AFTER all the promises made, it’s time to walk the talk.

President-elect Benigno “Noynoy” Aquino III has vowed to solve the problems he has inherited from the Arroyo administration by fighting corruption, creating jobs, improving the education system and establishing a credible judicial process.

“For almost a decade, we suffered under an administration whose mandate has been mired in corruption and cheating. But now, I have been given an opportunity to uplift people’s lives,” Aquino said in a letter sent to the Varsitarian.

He said he would improve the quality of education and health, generate jobs, and implement judicial reforms.

In his first months in the Palace, Aquino also plans to create a commission that will study possible amendments to the Constitution.

“When amendments are proposed, it will be ensured that they reflect a broad public consensus,” he said.

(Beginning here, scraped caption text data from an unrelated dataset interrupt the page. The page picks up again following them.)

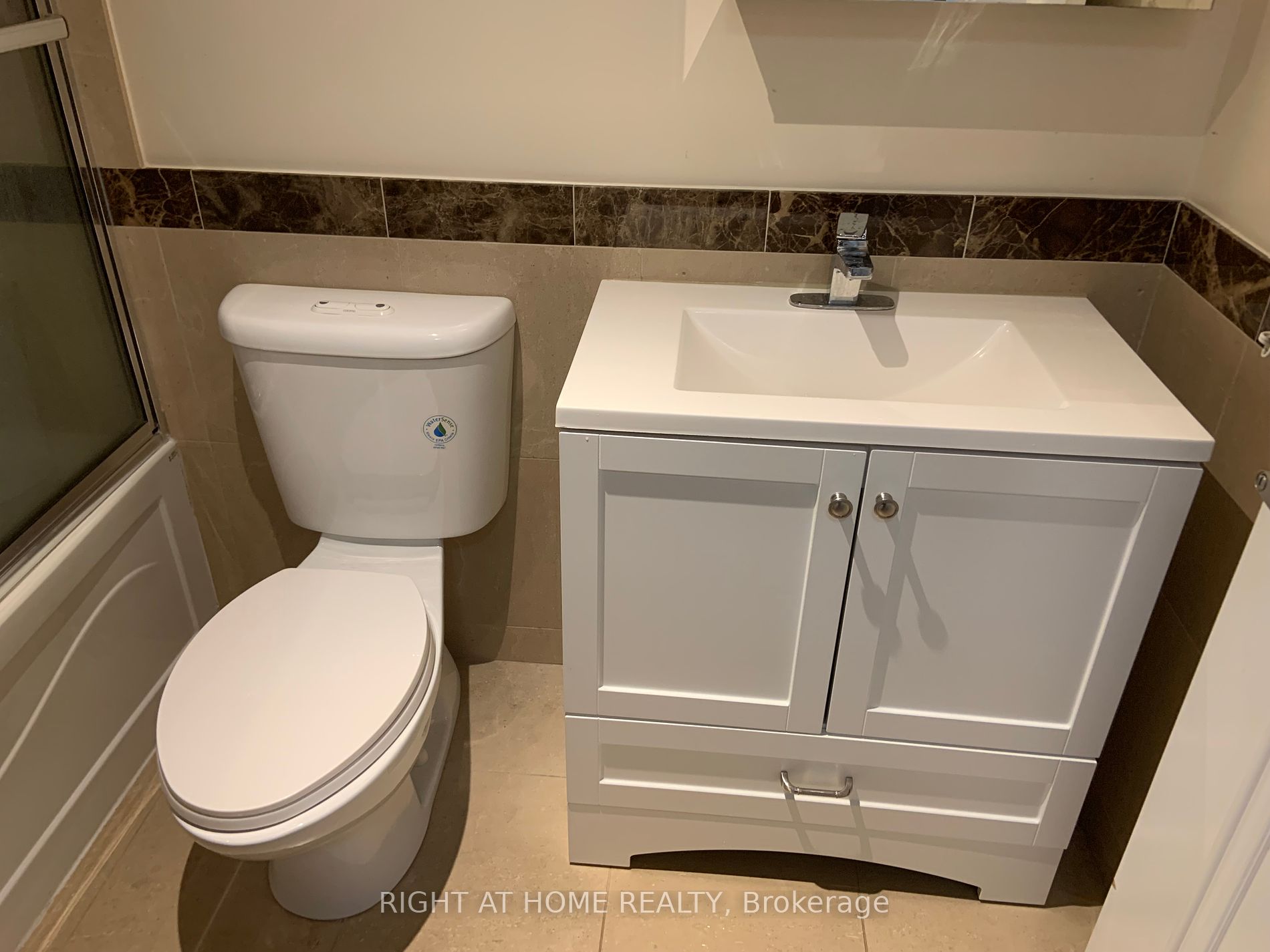 650 E Sheppard Ave 204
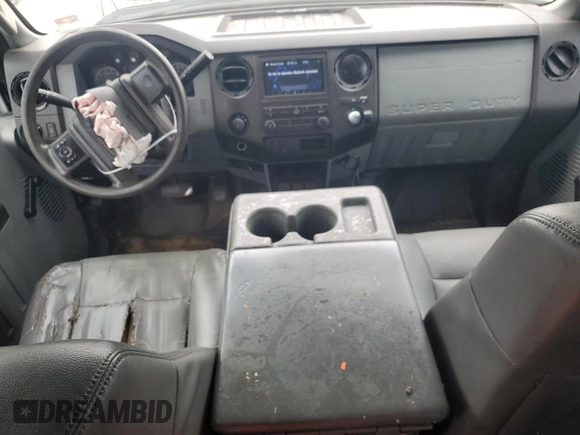 2013 Ford F-250 XL with VIN 1FT7X2B62DEB20592, listed as a Copart auction lot 51535495 with 390,072 mi miles and Salvage Title. Bid and sale history available at DreamBid. Image 8.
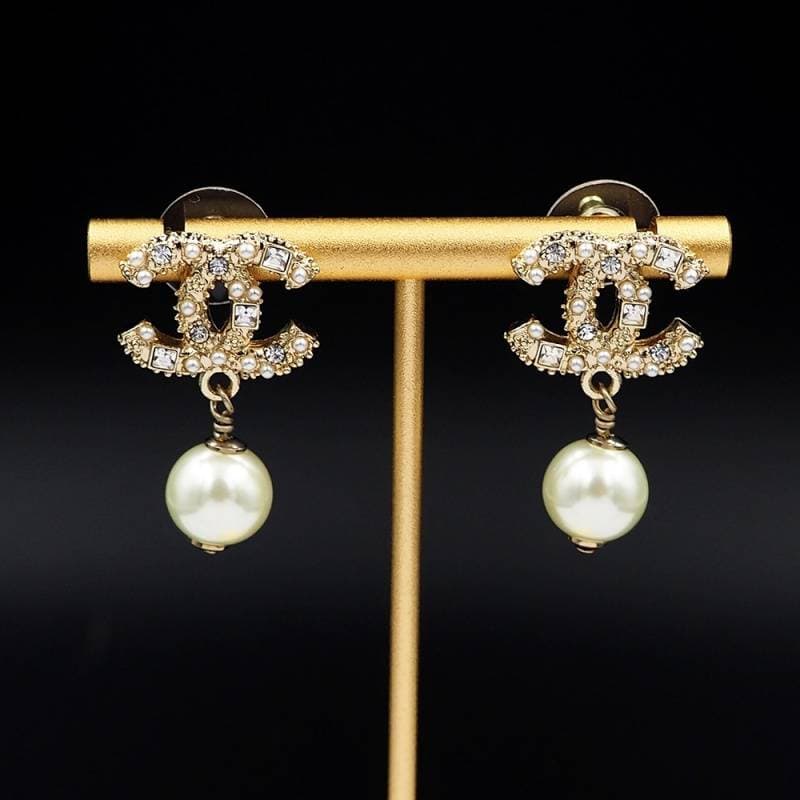 Les boucles d'oreilles à tige classiques ne se démodent jamais et constituent un excellent choix pour un usage quotidien ou comme cadeau.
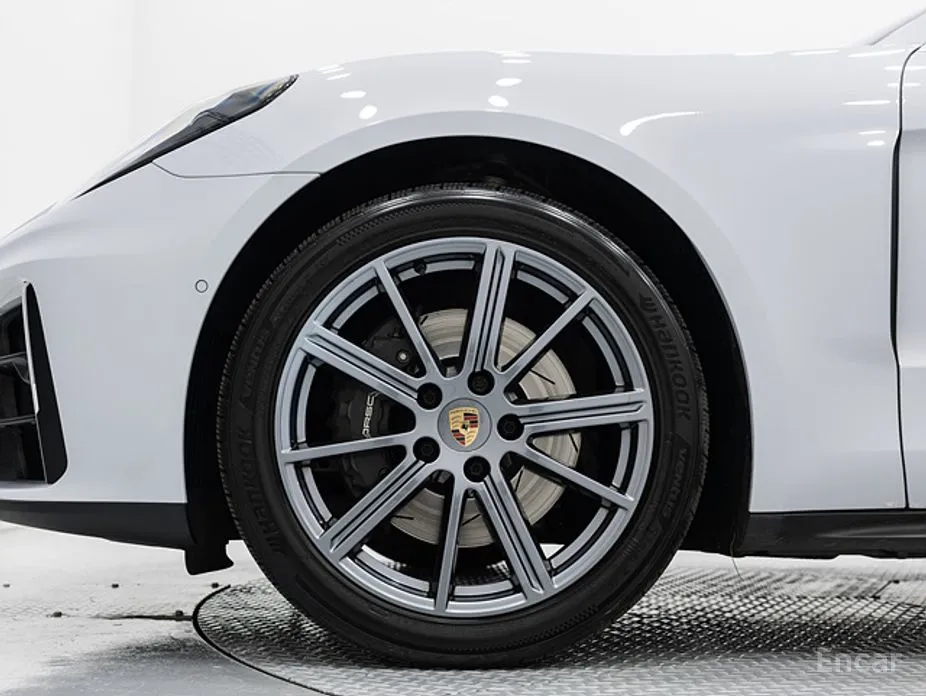 Фото 5 - Porsche Panamera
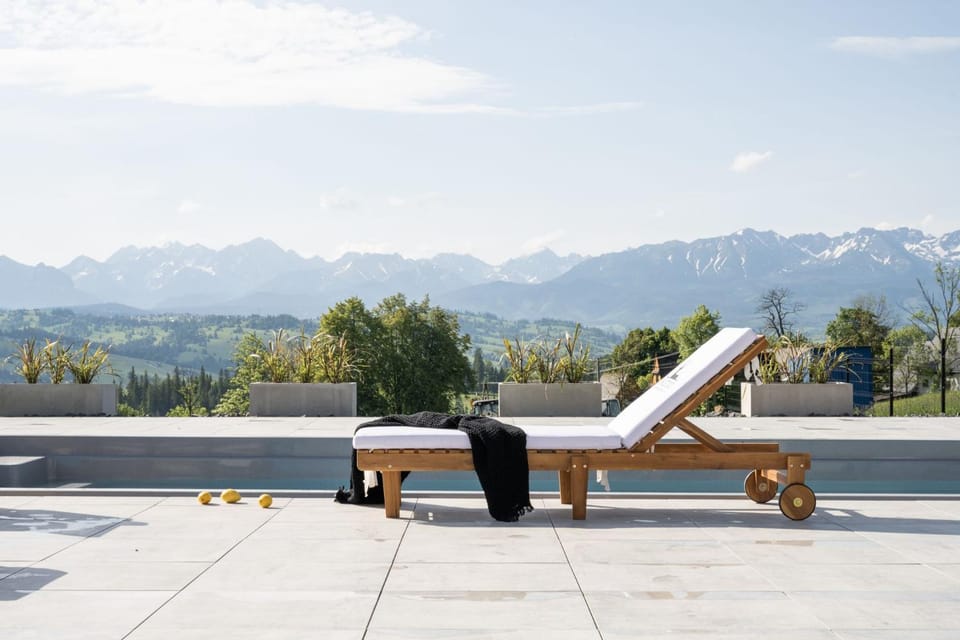 View (from property/room), Balcony/Terrace, Mountain view, Pool view, Swimming pool, sunbed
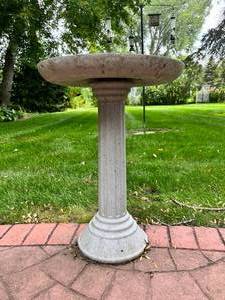 lot 499 image: White Cement Bird Bath 7.5x24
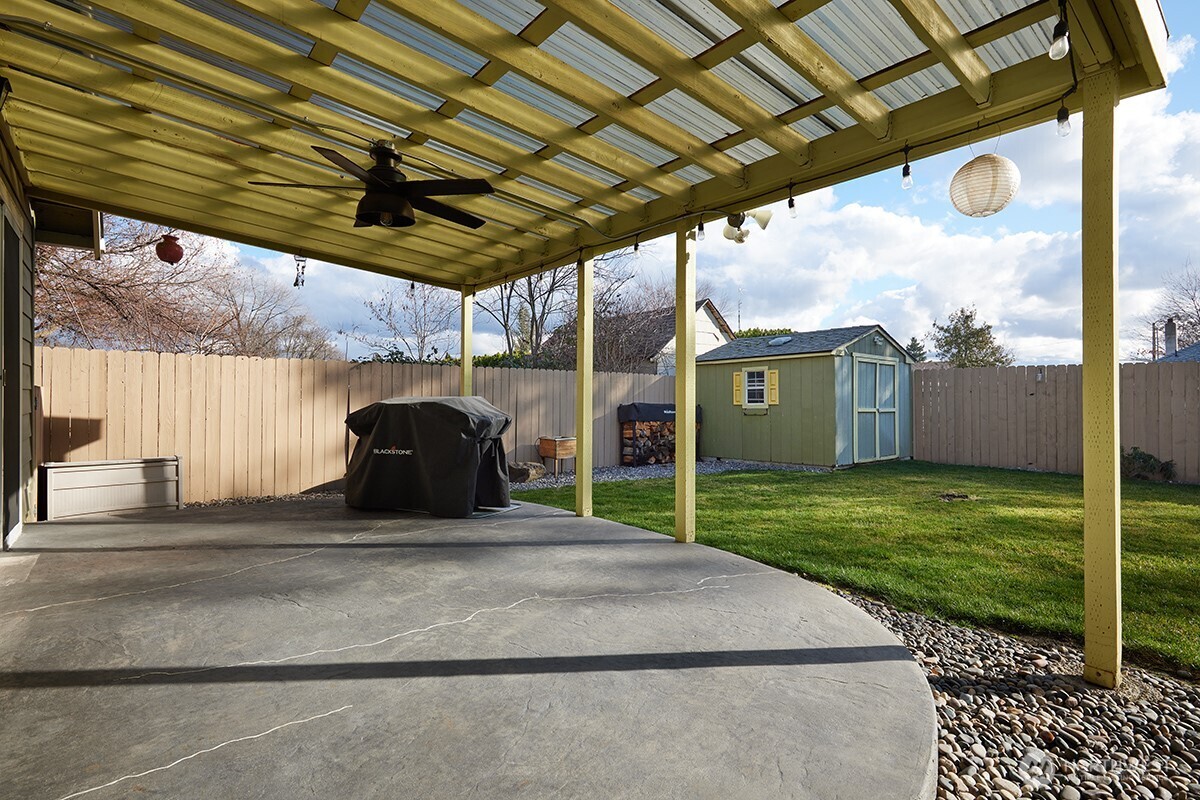 1608 Edmond Street Walla Walla, WA 99362 - Photo 37 of 40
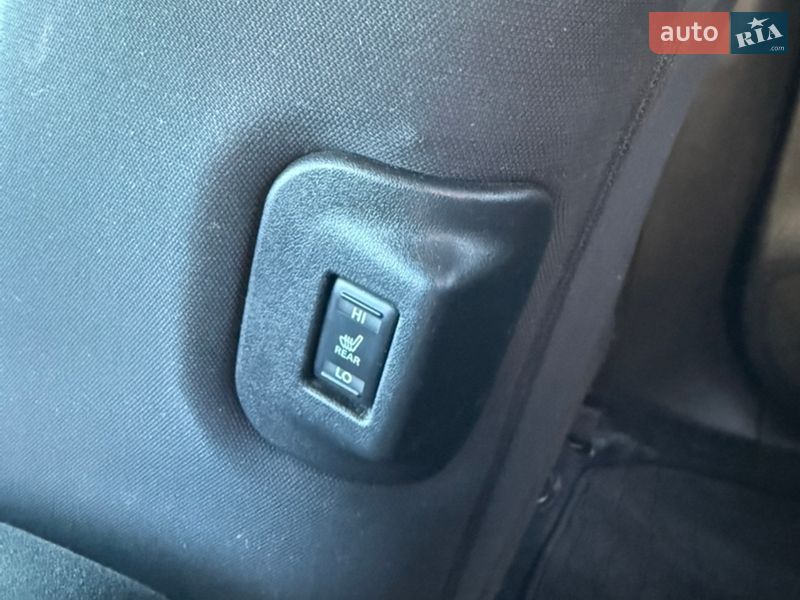 Фото Nissan Leaf з оголошення AUTO.RIA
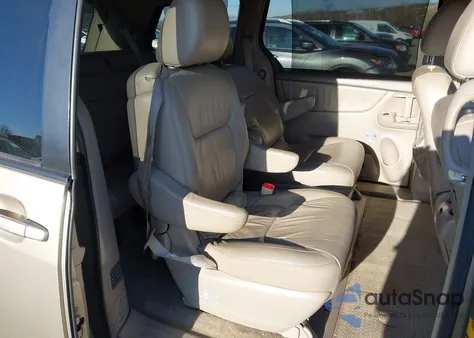 2009 Toyota Sienna Xle from USA, damaged, VIN 5TDZK22CX9S249100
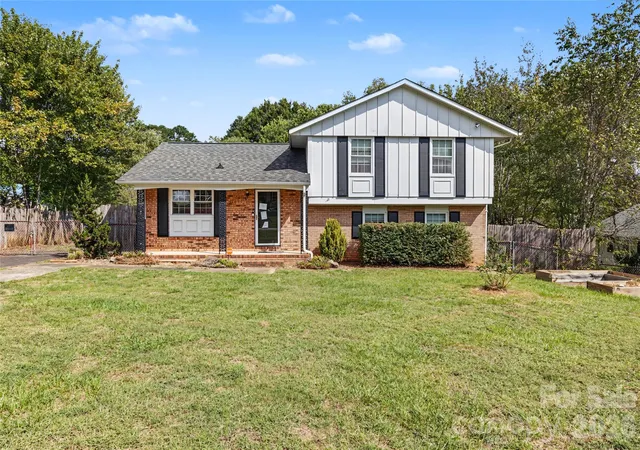 Photo 1 of Single family home for sale at 206 King Henry Ln, Gastonia, NC 28056 | MLS# 4431460 | Listing updated on 2026-10-07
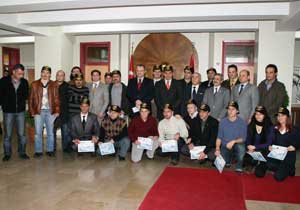 Paraşütçülere sertifika verildi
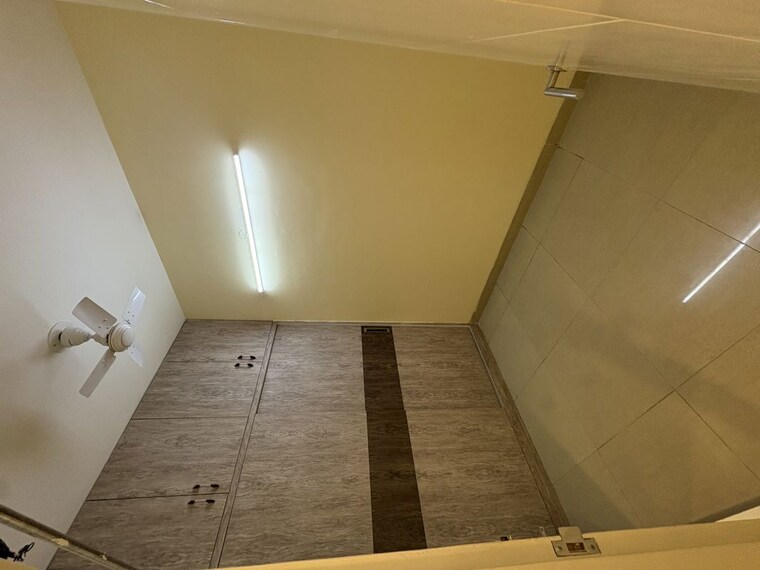 Room, emaar-emerald-estate 3.5 Bedroom 1395 Sq.Ft. Apartment In Sector 65 Gurgaon 10576121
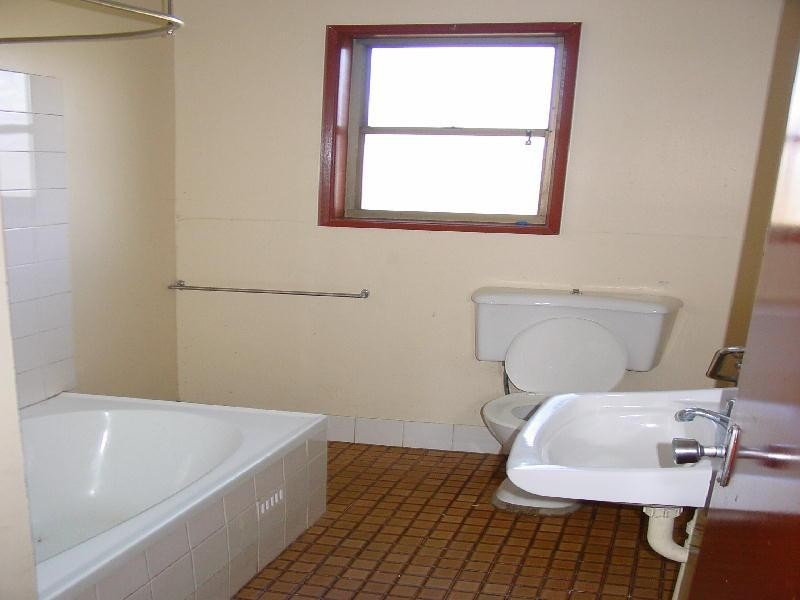 26 Barton Street, Taree NSW 2430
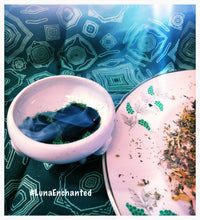 Load image into Gallery viewer, Attract Wealth Spell Kit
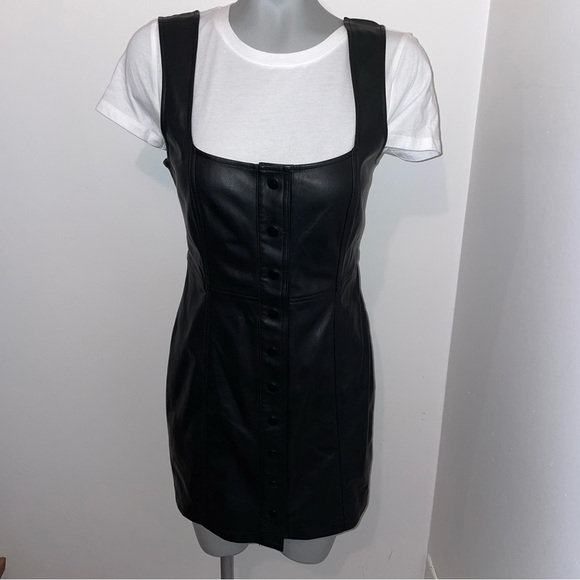 Urban Outfitters dress faux leather snap closure jumper black size 6 - Picture 1 of 7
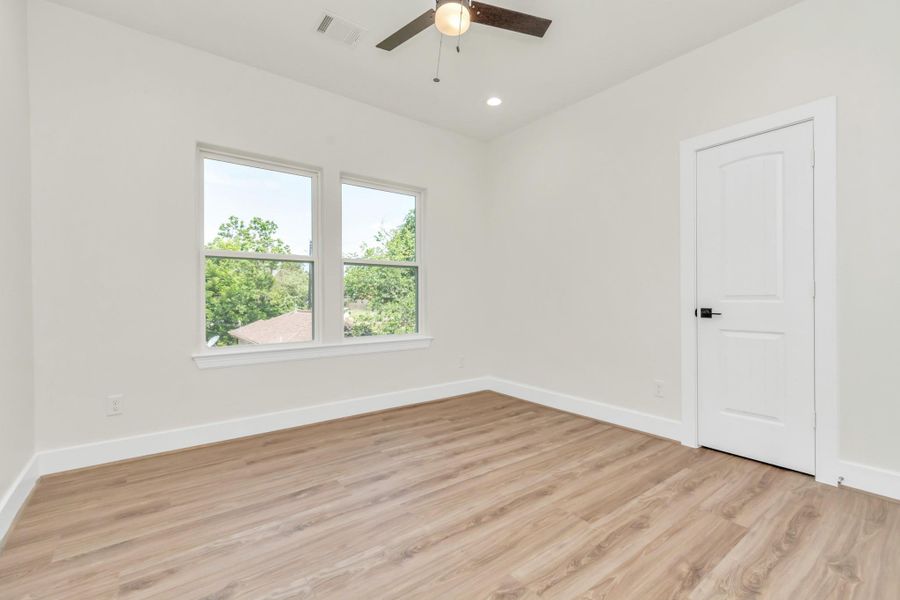 Spacious, unfurnished interior of a new home in , Houston (Image 24).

He added that he wants to create a body to probe graft-ridden transactions left by President Gloria Macapagal-Arroyo.

“We will coordinate with the [Office of the] Ombudsman to investigate and gather evidence related to pending corruption issues [involving the Arroyo government], and file charges as warranted by evidence,” Aquino said.

Aquino said he would select public officials who are competent and passionate.

“Qualification standards, especially on eligibility, will be strictly enforced,” Aquino said.

Aquino is being bombarded with suggestions to increase taxes. But he said there would be no new tax measures, dropping Finance Secretary Margarito Teves’ proposal to raise the value-added tax rate to 15 percent from 12 percent.

Despite opposition from the Church, Aquino believes sex education will help parents deal with teenage pregnancy.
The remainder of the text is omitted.